Re: Anomaly detection Apache Flink

2020-04-07 Thread Salvador Vigo
Ok, thanks for the clarification.


On Tue, Apr 7, 2020, 7:00 PM Nienhuis, Ryan  wrote:

> Vigo,
>
>
>
> I mean that the algorithm is a standalone piece of code. There are no
> examples that I am aware of for running it using Flink.
>
>
>
> Ryan
>
>
>
> *From:* Salvador Vigo 
> *Sent:* Saturday, April 4, 2020 12:26 AM
> *To:* Marta Paes Moreira 
> *Cc:* Nienhuis, Ryan ; user 
> *Subject:* RE: [EXTERNAL] Anomaly detection Apache Flink
>
>
>
> *CAUTION*: This email originated from outside of the organization. Do not
> click links or open attachments unless you can confirm the sender and know
> the content is safe.
>
>
>
> Thanks for answer.
>
>
>
> @Marta, First answer videos [1], [2]. It was interesting to see this two
> different approaches, although I was looking for some more specific
> implementation. Link number [3], I didn't know the existence of Kinesis, so
> maybe could be good for benchmarking and comparing my results with the
> Kinesis results. Then the approach of CEP, I am very related with this
> topic since my current work is based in the implementation of a CEP
> pipeline for monitoring. The only problem I see here is that you need in
> advance a predefined pattern. But it worth a try.
>
>
>
> @Ryan, I see this idea of the random cut forest algorithm more close to
> the idea I am looking for. What do you mean when you say that doesn't work
> getting it works with Flink?
>
>
>
> Best,
>
>
>
> On Fri, Apr 3, 2020 at 8:47 PM Marta Paes Moreira 
> wrote:
>
> Forgot to mention that you might also want to have a look into Flink CEP
> [1], Flink's library for Complex Event Processing.
>
> It allows you to define and detect event patterns over streams, which can
> come in pretty handy for anomaly detection.
>
>
>
> [1]
> https://ci.apache.org/projects/flink/flink-docs-stable/dev/libs/cep.html
>
>
>
> On Fri, Apr 3, 2020 at 6:08 PM Nienhuis, Ryan  wrote:
>
> I would also have a look at the random cut forest algorithm.
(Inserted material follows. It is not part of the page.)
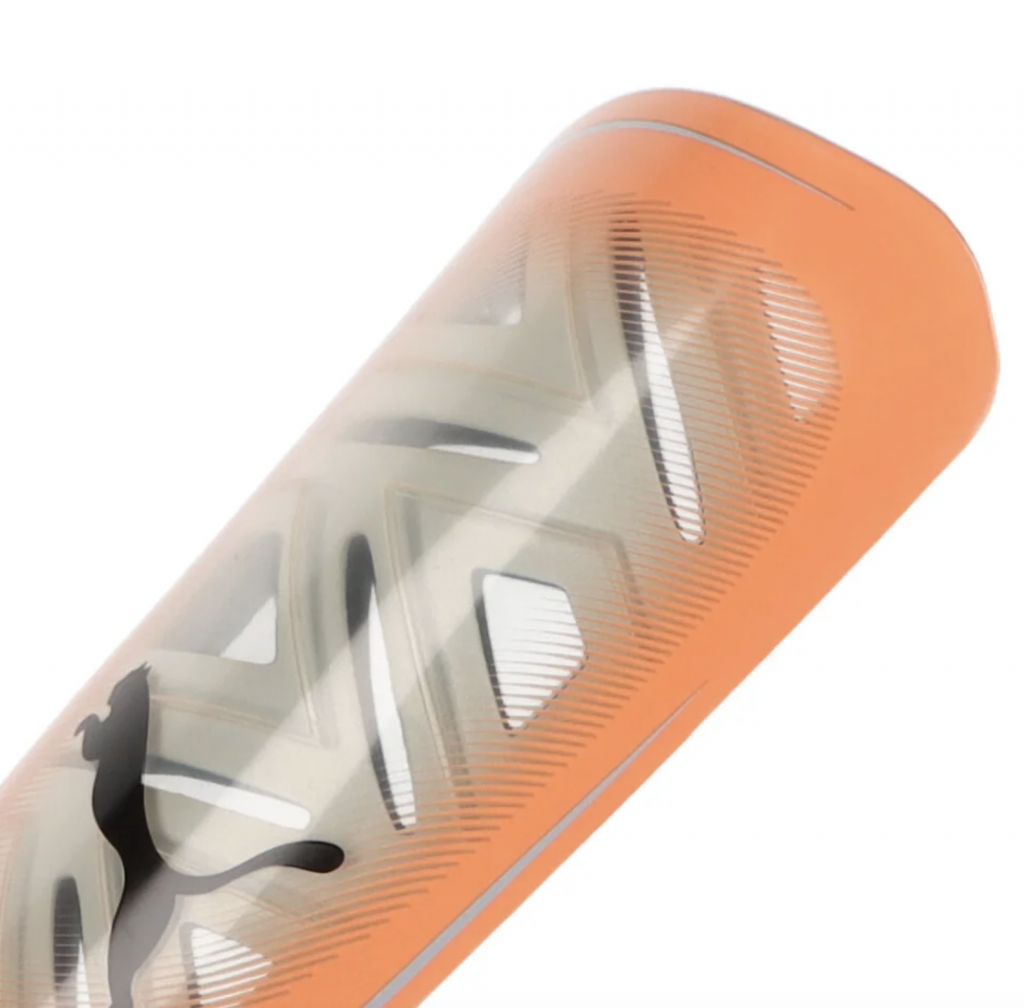 Puma Ultra Flex Sleeve/щитки с держателем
This is the
> base algorithm that is used for anomaly detection in several AWS services
> (Quicksight, Kinesis Data Analytics, etc.). It doesn’t help with getting it
> working with Flink, but may be a good place to start for an algorithm.
>
>
>
> https://github.com/aws/random-cut-forest-by-aws
>
>
>
> Ryan
>
>
>
> *From:* Marta Paes Moreira 
> *Sent:* Friday, April 3, 2020 5:25 AM
> *To:* Salvador Vigo 
> *Cc:* user 
> *Subject:* RE: [EXTERNAL] Anomaly detection Apache Flink
>
>
>
> *CAUTION*: This email originated from outside of the organization. Do not
> click links or open attachments unless you can confirm the sender and know
> the content is safe.
>
>
>
> Hi, Salvador.
>
> You can find some more examples of real-time anomaly detection with Flink
> in these presentations from Microsoft [1] and Salesforce [2] at Flink
> Forward. This blogpost [3] also describes how to build that kind of
> application using Kinesis Data Analytics (based on Flink).
>
> Let me know if these resources help!
>
> [1] https://www.youtube.com/watch?v=NhOZ9Q9_wwI
> [2] https://www.youtube.com/watch?v=D4kk1JM8Kcg
> [3]
> https://towardsdatascience.com/real-time-anomaly-detection-with-aws-c237db9eaa3f
>
>
>
> On Fri, Apr 3, 2020 at 11:37 AM Salvador Vigo 
> wrote:
>
> Hi there,
>
> I am working in an approach to make some experiments related with anomaly
> detection in real time with Apache Flink. I would like to know if there are
> already some open issues in the community.
>
> The only example I found was the one of Scott Kidder
> <https://mux.com/team/scott-kidder> and the Mux platform, 2017. If any
> one is already working in this topic or know some related work or
> publication I will be grateful.
>
> Best,
>
>


RE: Anomaly detection Apache Flink

2020-04-07 Thread Nienhuis, Ryan
Vigo,

I mean that the algorithm is a standalone piece of code. There are no examples 
that I am aware of for running it using Flink.

Ryan

From: Salvador Vigo 
Sent: Saturday, April 4, 2020 12:26 AM
To: Marta Paes Moreira 
Cc: Nienhuis, Ryan ; user 
Subject: RE: [EXTERNAL] Anomaly detection Apache Flink


CAUTION: This email originated from outside of the organization. Do not click 
links or open attachments unless you can confirm the sender and know the 
content is safe.


Thanks for answer.

@Marta, First answer videos [1], [2]. It was interesting to see this two 
different approaches, although I was looking for some more specific 
implementation. Link number [3], I didn't know the existence of Kinesis, so 
maybe could be good for benchmarking and comparing my results with the Kinesis 
results. Then the approach of CEP, I am very related with this topic since my 
current work is based in the implementation of a CEP pipeline for monitoring. 
The only problem I see here is that you need in advance a predefined pattern. 
But it worth a try.

@Ryan, I see this idea of the random cut forest algorithm more close to the 
idea I am looking for. What do you mean when you say that doesn't work getting 
it works with Flink?

Best,

On Fri, Apr 3, 2020 at 8:47 PM Marta Paes Moreira 
mailto:ma...@ververica.com>> wrote:
Forgot to mention that you might also want to have a look into Flink CEP [1], 
Flink's library for Complex Event Processing.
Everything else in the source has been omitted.